Council OKs Self-Help project for west end
A Self-Help credit union project that will bring a cooperative grocery and other businesses to West Chapel Hill Street got a 5-0 endorsement from the City Council on Monday.
Members approved zoning that allows 50,000 square feet of commercial development at the corner of West Chapel Hill and Kent streets. The grocery, Durham Central Market, will be the project’s anchor tenant.
The project had drawn complaints from a few neighbors, but their opposition evaporated prior to the start of Monday’s council meeting.
City/county planners said the neighbors abandoned a formal protest that would otherwise have required supermajority approval of the zoning. The former critics, for their part, said the move followed successful negotiations with Self-Help.
“The things we came up with protected the neighborhood,” said David Anthony, an adjoining property owner who’d argued the project would give Self-Help too much control over future business opportunities in the West Chapel Hill Street corridor.
But most neighborhood groups in the corridor had supported Self-Help’s plan all along. And it was clear from the start of Monday’s hearing the council would approve it.
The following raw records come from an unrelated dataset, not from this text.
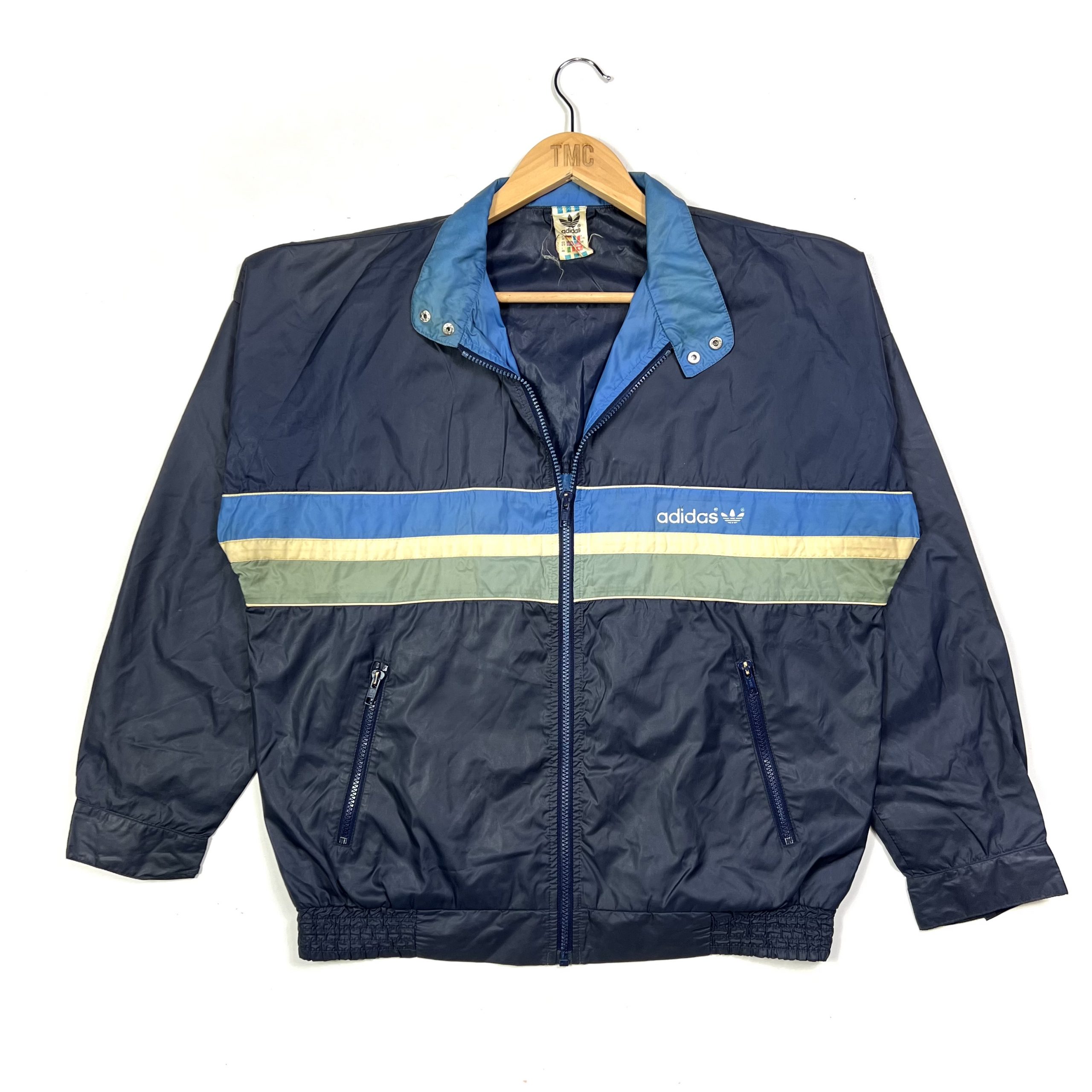 80's Adidas Windbreaker Jacket - Navy - M - TMC Vintage Clothing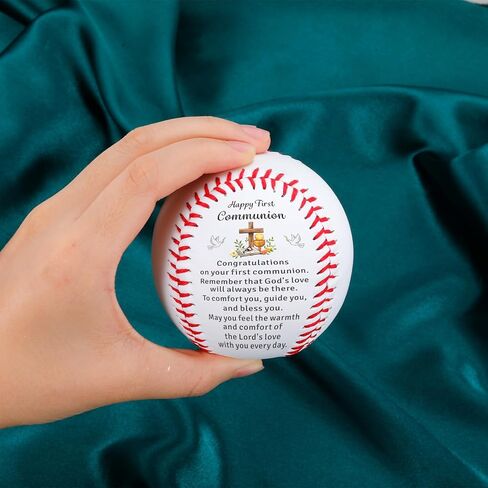 First Communion Gifts for Boys Girls 1st Holy Communion Gifts Catholic Baseball Keepsake for Son Grandson Granddaughter Religious First Communion Gift from Godparents First Holy Communion Party Favors in Saudi Arabia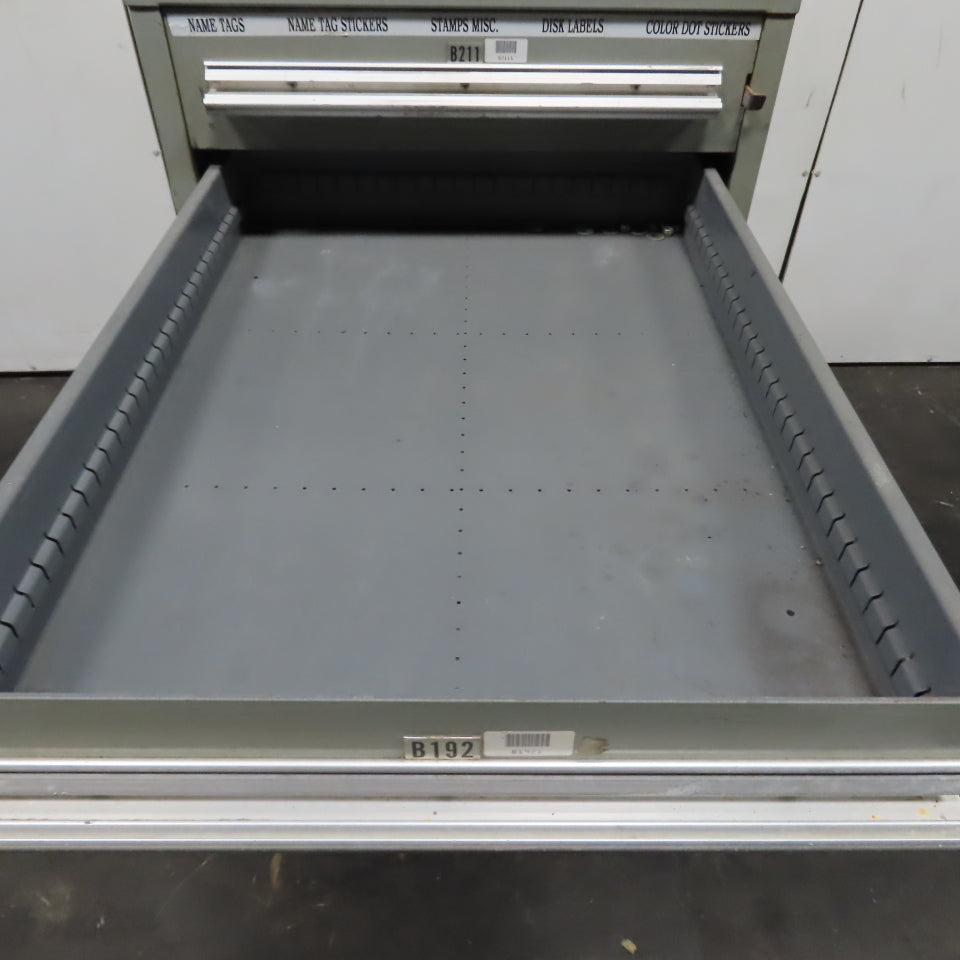Stanley Vidmar 7 Drawer Small Parts Tools Storage Shop Cabinet 22.5" x 28" x 59"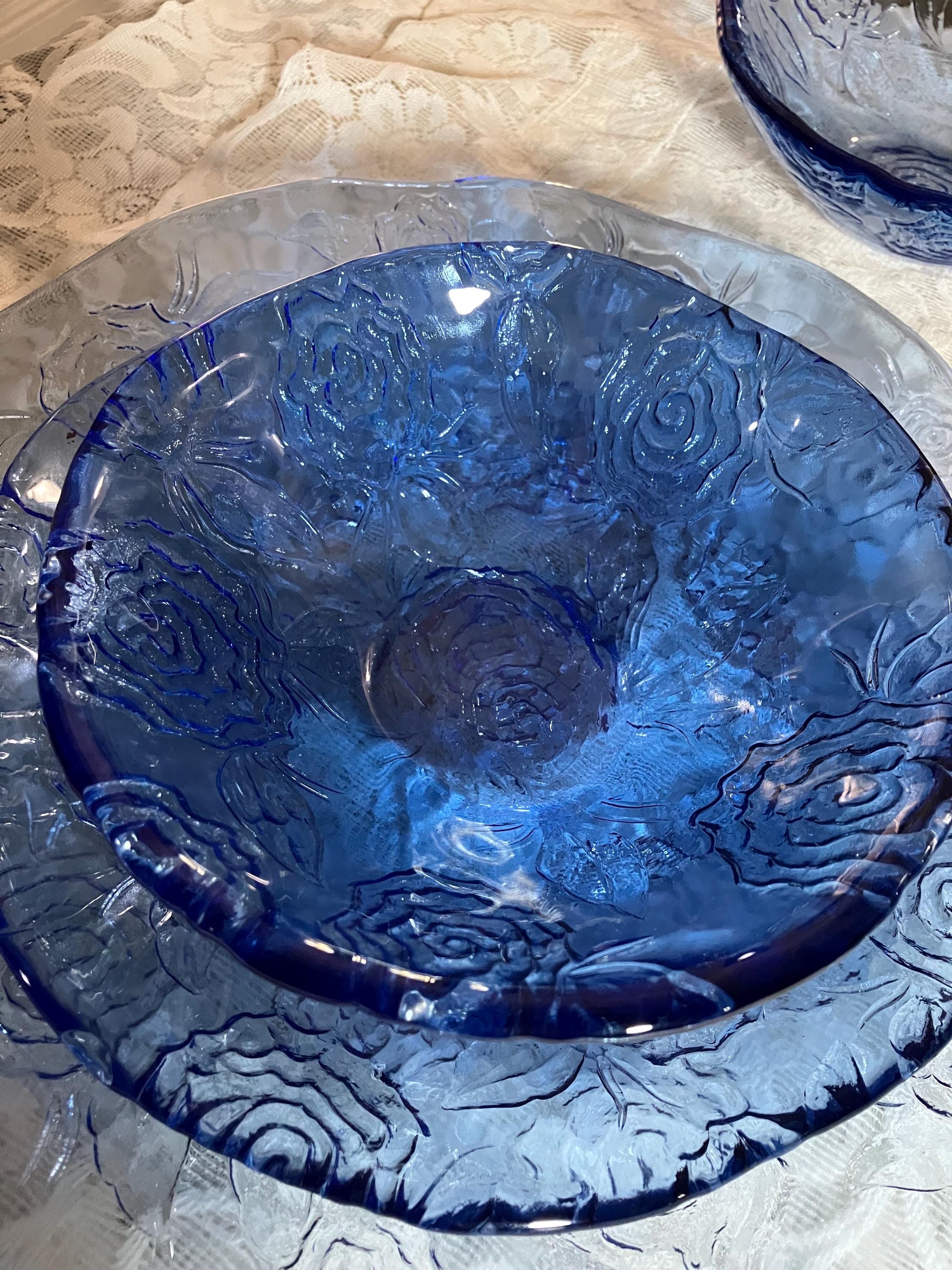 Vtg IVV Italy 3 Pc Light Blue Textured Rose Floral Glass Dinner
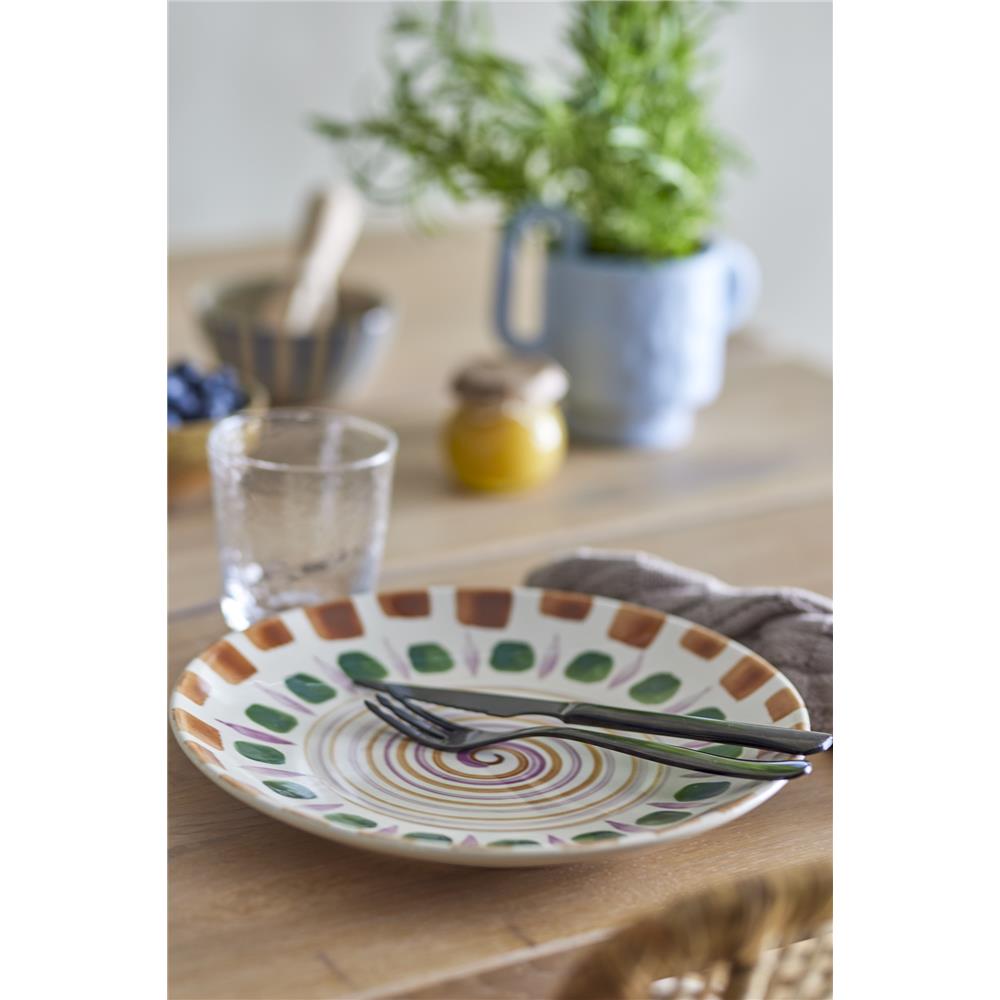 Bloomingville Shama Teller, Grün/Braun, Steingut, 27 cm, mit handbemaltem Muster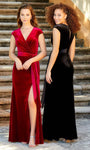 A-line V-neck Floor Length Keyhole Back Zipper Wrap Slit Draped Natural Waistline Cap Sleeves Velvet Evening Dress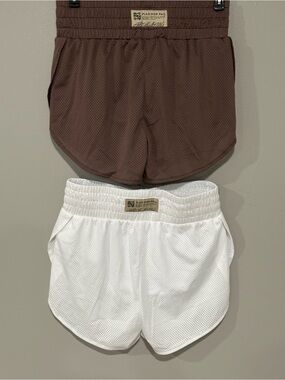 flag nor fail Women’s Mesh Athletic Shorts — White & Brown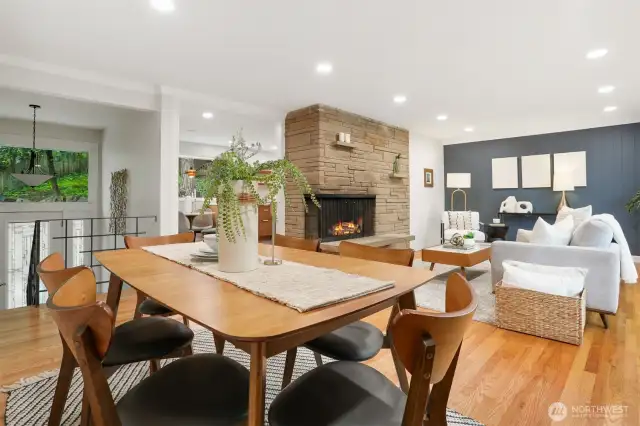 Recently refinished hardwood floors in upper level.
“Great project, Mr. Mayor,” Councilman Steve Schewel told Mayor Bill Bell as Bell prepared to open the floor for public comment.
“Thanks to Self-Help for stepping forward,” Councilman Eugene Brown added. “This is an area that’s need some assistance from both the public and private sector. This will be a real boon to the neighborhood.”
City officials have long sought to encourage redevelopment in the West Chapel Hill Street corridor. The area links downtown and Duke University, but business has lagged there for decades.
The Office of Economic and Workforce Development last decade listed the corridor as one of five areas of Durham that merit streetscape upgrades. Nearby, public- and private-sector initiatives have led to the opening of two community centers.
The worry about closing off future business opportunities comes because it’s clear there’s redevelopment momentum nearby, particularly around the Durham Police Department’s headquarters.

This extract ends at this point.